DEKRA: Gibt es bei branchenfremden Mitarbeitenden Anpassungsschwierigkeiten?
Prietz: Grundsätzlich erleben wir das nicht als große Hürde. Natürlich gibt es Themen, in die man sich einarbeiten muss, wie etwa regulatorische Anforderungen, Sicherheitsprozesse oder branchenspezifische Abläufe. Dabei lassen wir neue Kolleg:innen aber nicht allein: Wir haben ein strukturiertes Onboarding und erfahrene Mitarbeitende aus dem Verteidigungsbereich, die ihr Wissen teilen und beim Einstieg unterstützen.
DEKRA: Was raten Sie Spezialisten, die sich für eine Karriere in Ihrer Branche interessieren?
Prietz: Nicht abschrecken lassen, wenn der eigene Lebenslauf nicht klassisch nach Defence Tech aussieht. Viele Fähigkeiten aus anderen Branchen sind sehr gut übertragbar. Wichtig ist vor allem, sich bewusst mit der Branche und der Verantwortung dahinter auseinanderzusetzen. Wer Lust auf anspruchsvolle Technologie, ein dynamisches Umfeld und eine klare Mission hat, kann hier sehr viel bewegen.
DEKRA: Welches sind die größten Herausforderungen im Recruiting für den Verteidigungssektor?
Prietz: Eine der größten Herausforderungen ist, Teams mit möglichst vielfältigem Wissen und unterschiedlichen Perspektiven aufzubauen. Im Verteidigungssektor braucht es Expertise aus vielen Bereichen: technisches Know-how, Erfahrung in Entwicklung und Erprobung, Verständnis für Government-Strukturen und idealerweise auch die Perspektive der Anwender:innen.
Gleichzeitig sind auch Erfahrungen aus anderen Umfeldern wertvoll, etwa aus Konzernen mit starken Prozessen oder aus sehr dynamischen Innovationsbereichen. Unser Ziel ist es, diese unterschiedlichen Hintergründe zusammenzubringen, die besten Ideen zu kombinieren und eine Kultur zu schaffen, in der Wissen aktiv geteilt und weitergegeben wird.

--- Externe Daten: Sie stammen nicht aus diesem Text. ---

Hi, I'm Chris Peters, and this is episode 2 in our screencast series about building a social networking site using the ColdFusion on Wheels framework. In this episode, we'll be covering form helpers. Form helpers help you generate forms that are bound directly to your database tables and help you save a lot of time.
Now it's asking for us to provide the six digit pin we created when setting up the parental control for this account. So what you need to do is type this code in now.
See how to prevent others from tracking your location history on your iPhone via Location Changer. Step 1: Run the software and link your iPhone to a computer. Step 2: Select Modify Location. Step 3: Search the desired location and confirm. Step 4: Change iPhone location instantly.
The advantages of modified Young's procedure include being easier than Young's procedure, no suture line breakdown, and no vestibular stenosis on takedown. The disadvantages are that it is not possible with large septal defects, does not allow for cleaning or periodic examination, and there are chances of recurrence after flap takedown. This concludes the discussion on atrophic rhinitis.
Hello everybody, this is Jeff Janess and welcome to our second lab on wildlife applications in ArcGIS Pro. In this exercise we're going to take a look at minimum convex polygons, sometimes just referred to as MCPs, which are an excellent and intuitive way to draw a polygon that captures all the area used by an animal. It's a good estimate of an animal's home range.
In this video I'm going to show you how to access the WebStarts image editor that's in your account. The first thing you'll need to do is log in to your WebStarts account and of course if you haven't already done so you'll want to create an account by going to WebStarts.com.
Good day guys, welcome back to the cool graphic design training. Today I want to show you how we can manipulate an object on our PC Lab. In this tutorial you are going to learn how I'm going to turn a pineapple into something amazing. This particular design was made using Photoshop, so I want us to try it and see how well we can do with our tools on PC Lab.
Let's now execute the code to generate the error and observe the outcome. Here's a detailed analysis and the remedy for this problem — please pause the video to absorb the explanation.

DEKRA: Was wünschen Sie sich mit Blick auf den Arbeitsmarkt von der Politik?
Prietz: Für den deutschen Arbeitsmarkt wünsche ich mir mehr Offenheit und Durchlässigkeit zwischen Industrie, Forschung, Start-ups, Investoren und öffentlichen Institutionen. Gerade in Zukunftsbranchen und DeepTech-Feldern entstehen Innovationen dort, wo unterschiedliche Perspektiven und Kompetenzen zusammenkommen. Dafür braucht es mehr Räume und Formate, die Austausch und Zusammenarbeit fördern, statt in Silos zu denken. Kooperation und Wettbewerb sollten sich dabei nicht ausschließen, sondern gegenseitig stärken.